## What to produce
Print exactly the lines below between the line holding "Bague rétro verte avec pierre ronde | Or" and the line holding "sneakers .....", inclusive, and nothing more.

Saved data entries
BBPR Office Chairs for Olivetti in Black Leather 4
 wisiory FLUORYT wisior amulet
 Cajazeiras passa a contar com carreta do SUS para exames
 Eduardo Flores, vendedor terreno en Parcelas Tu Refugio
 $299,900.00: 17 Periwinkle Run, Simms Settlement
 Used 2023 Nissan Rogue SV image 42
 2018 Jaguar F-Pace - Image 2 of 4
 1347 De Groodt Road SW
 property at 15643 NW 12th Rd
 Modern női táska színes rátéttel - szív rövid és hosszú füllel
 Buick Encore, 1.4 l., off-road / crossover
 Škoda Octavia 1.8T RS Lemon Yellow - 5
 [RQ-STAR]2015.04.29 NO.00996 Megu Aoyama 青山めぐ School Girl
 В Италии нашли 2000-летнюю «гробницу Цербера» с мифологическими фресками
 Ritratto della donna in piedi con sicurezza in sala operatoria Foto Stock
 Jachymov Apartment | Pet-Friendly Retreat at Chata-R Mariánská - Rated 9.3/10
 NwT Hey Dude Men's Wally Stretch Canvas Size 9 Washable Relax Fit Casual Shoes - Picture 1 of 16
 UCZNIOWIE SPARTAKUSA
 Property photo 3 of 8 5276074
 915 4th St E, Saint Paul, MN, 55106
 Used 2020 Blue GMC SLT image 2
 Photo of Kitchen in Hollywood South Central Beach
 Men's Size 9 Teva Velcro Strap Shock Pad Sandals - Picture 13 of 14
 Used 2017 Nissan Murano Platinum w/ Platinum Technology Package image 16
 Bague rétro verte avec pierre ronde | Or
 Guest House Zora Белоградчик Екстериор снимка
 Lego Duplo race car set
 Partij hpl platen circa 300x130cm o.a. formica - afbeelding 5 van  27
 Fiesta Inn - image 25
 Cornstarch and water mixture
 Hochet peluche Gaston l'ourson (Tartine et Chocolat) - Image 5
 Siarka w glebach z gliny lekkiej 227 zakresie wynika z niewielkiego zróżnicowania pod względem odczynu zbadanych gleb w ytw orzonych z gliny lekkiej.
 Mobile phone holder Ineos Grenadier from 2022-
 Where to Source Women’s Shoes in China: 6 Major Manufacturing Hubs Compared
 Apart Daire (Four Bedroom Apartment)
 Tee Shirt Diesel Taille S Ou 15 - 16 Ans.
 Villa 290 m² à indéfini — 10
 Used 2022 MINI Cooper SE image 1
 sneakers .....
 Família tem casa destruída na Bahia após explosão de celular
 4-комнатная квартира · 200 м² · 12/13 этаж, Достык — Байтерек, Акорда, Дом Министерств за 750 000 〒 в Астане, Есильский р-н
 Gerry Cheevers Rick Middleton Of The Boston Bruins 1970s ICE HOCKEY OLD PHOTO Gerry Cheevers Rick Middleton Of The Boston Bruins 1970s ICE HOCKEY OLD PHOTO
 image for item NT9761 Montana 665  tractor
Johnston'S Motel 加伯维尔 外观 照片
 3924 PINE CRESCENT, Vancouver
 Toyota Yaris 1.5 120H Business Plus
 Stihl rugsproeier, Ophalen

## Reply
 Bague rétro verte avec pierre ronde | Or
 Guest House Zora Белоградчик Екстериор снимка
 Lego Duplo race car set
 Partij hpl platen circa 300x130cm o.a. formica - afbeelding 5 van  27
 Fiesta Inn - image 25
 Cornstarch and water mixture
 Hochet peluche Gaston l'ourson (Tartine et Chocolat) - Image 5
 Siarka w glebach z gliny lekkiej 227 zakresie wynika z niewielkiego zróżnicowania pod względem odczynu zbadanych gleb w ytw orzonych z gliny lekkiej.
 Mobile phone holder Ineos Grenadier from 2022-
 Where to Source Women’s Shoes in China: 6 Major Manufacturing Hubs Compared
 Apart Daire (Four Bedroom Apartment)
 Tee Shirt Diesel Taille S Ou 15 - 16 Ans.
 Villa 290 m² à indéfini — 10
 Used 2022 MINI Cooper SE image 1
 sneakers .....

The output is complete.